Taki wynik daje realne szanse na bonus. Na rewanż będziemy musieli
jeszcze trochę poczekać, bo „Rekiny” do „Jaskółczego
Gniazda” zawitają dopiero w połowie sierpnia. A co do tego czasu?
Dziś czeka nas arcytrudny mecz w Gorzowie Wielkopolskim. Zawodnicy z
Tarnowa nie mają już dużych szans na dobry wynik. Po przegranej
na własnym owalu „Jaskółki” jadą do lidera skazani na
porażkę. Ale czy na pewno? Liczę, że Janusz Kołodziej doprowadzi
drużynę do bardzo dobrego rezultatu. Mam nadzieję, że przebudzi
się w końcu Mikkel Michelsen, który po słabym początku
ostatniego meczu, w dwóch kolejnych występach zdołał uzbierać
cztery punkty z bonusem. Meczu nie wygrywa w końcu jeden zawodnik,
tylko cała drużyna, dlatego też kluczowy będzie występ
Duńczyków, Madsena i Bjerre'a. Ważne punkty dorzucić musi Piotr
Świderski oraz juniorzy. O tym w jakiej dyspozycji jest zespół
prowadzony przez Pawła Barana dowiemy się po godzinie 19:30, kiedy
to zainaugurujemy dzisiejsze ściganie na „Jancarzu”. Liczę, że
nie będzie powtórki z poprzedniego sezonu, gdy Tarnowianie nie
zdołali zdobyć nawet trzydziestu punktów i wygrali drużynowo
zaledwie jeden wyścig.
Przed
„Jaskółkami” jeszcze wiele trudnych bojów - meczy o wszystko.

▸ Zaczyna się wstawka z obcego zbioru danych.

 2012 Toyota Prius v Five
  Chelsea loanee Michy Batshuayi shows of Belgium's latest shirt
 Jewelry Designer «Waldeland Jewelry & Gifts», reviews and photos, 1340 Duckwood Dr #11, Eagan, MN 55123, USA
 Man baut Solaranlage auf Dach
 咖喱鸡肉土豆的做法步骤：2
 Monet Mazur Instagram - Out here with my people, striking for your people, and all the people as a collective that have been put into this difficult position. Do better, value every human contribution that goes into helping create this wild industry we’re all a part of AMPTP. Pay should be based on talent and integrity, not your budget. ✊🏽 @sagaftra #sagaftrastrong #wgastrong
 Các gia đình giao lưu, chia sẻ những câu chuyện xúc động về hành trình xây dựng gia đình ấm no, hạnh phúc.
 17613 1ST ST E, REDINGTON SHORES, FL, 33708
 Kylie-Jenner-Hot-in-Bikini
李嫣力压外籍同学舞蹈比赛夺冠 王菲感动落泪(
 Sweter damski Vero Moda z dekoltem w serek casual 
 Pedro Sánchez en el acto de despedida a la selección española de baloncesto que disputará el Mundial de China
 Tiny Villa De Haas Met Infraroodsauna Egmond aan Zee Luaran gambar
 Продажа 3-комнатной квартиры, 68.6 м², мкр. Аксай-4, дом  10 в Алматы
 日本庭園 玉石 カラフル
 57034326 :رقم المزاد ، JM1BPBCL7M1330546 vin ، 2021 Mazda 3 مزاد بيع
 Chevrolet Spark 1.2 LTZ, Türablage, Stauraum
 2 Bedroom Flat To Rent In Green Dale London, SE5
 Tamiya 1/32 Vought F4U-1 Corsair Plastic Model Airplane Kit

W czwartek zrobili oni jednak ogromny krok w stronę utrzymania w PGE
Ekstralidze, nieznacznie przegrywając w Rybniku. Za tydzień kolejny z meczy na własnym stadionie. Jak poradzą sobie tarnowianie w starciu
z zielonogórzanami? Przekonamy się 3 lipca! Warto być, warto
kibicować i wierzyć do końca! A tym czasem już dziś kolejne wyjazdowe spotkanie, na pewno nie zabraknie emocji!